Max Mem used        : 124.96G (s95n31)
Max Disk Write      : 32.52T (s95n31)
Max Disk Read       : 37.25T (s95n31)
SSoelvsten commented 3 years ago

Running time of external memory merge sorter

As I am rerunning experiments on the BDD Benchmark repository I notice, that Adiar exhibits a considerable slowdown for smaller instances depending on the memory M it was initialised with. The more memory it was given, the more time it uses. For example, for the 8-Queens problem we get the following timings

Memory Construction time Counting time
128 MiB 633 ms 10 ms
6144 MiB 1509 ms 226 ms

I have tested the benchmarks with Adiar at different commits, and it always seems to have been an issue. But, I found the following interesting commits.

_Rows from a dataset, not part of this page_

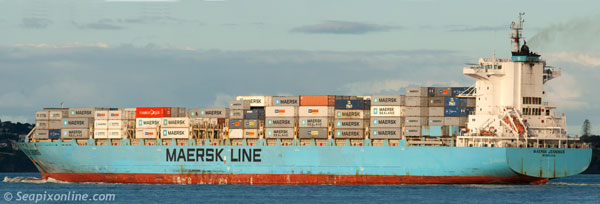 Maersk Jennings, Antofagasta 9399753 ID 8108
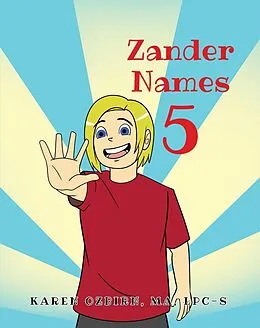E-Book (epub) Zander Names 5 von Karen Ozbirn Ma Lpc-S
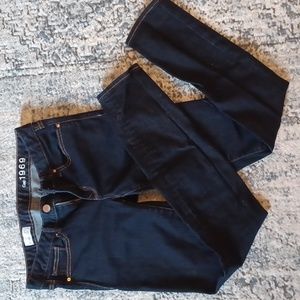 Gap- Always Skinny Dark Wash Jeans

I tested the original tpie::merge_sorter to sort a small set of elements in src/main.cpp

    const int MAX = 1000;

    auto start = std::chrono::high_resolution_clock::now();

    tpie::merge_sorter<int, false, std::less<int>> sorter;
    sorter.set_available_memory(tpie::get_memory_manager().available());

    tpie::dummy_progress_indicator pi;

    sorter.begin();

    // Add 1000 elements in reverse order
    for (int i = MAX; i > 0; i = i-2) { sorter.push(i); }
    for (int i = MAX - 1; i > 0; i = i-2) { sorter.push(i); }

    sorter.end();
    sorter.calc(pi);

    for (int i = 1; i <= MAX; i++) { assert(sorter.pull() == i); }

    auto stop = std::chrono::high_resolution_clock::now();
    auto duration = std::chrono::duration_cast<std::chrono::microseconds>(stop - start);

    std::cout << "Time taken by function: " << duration.count() << " microseconds" << std::endl;

For different values of MAX we see the following timings (numbers are quick estimates of the average)

MAX 128 MiB 6144 MiB
10 90 us 130 us
100 110 us 150 us
1000 180 us 220 us
10000 1200 us 1200 us
100000 14000 us 13500 us

Similar issues may also exist for tpie::priority_queue and tpie::file_stream. We have very few elements in each sorter due to the nature of the levelized priority queue. We have 82·8·(1+1+2) = 18432 uses of the tpie::merge_sorter throughout the entire Apply-Reduce cycle during construction of the 8-Queens board. The above mentioned slowdown of 876 ms is an average of 47 us slowdown per sorter; this matches what we see for 10 elements above.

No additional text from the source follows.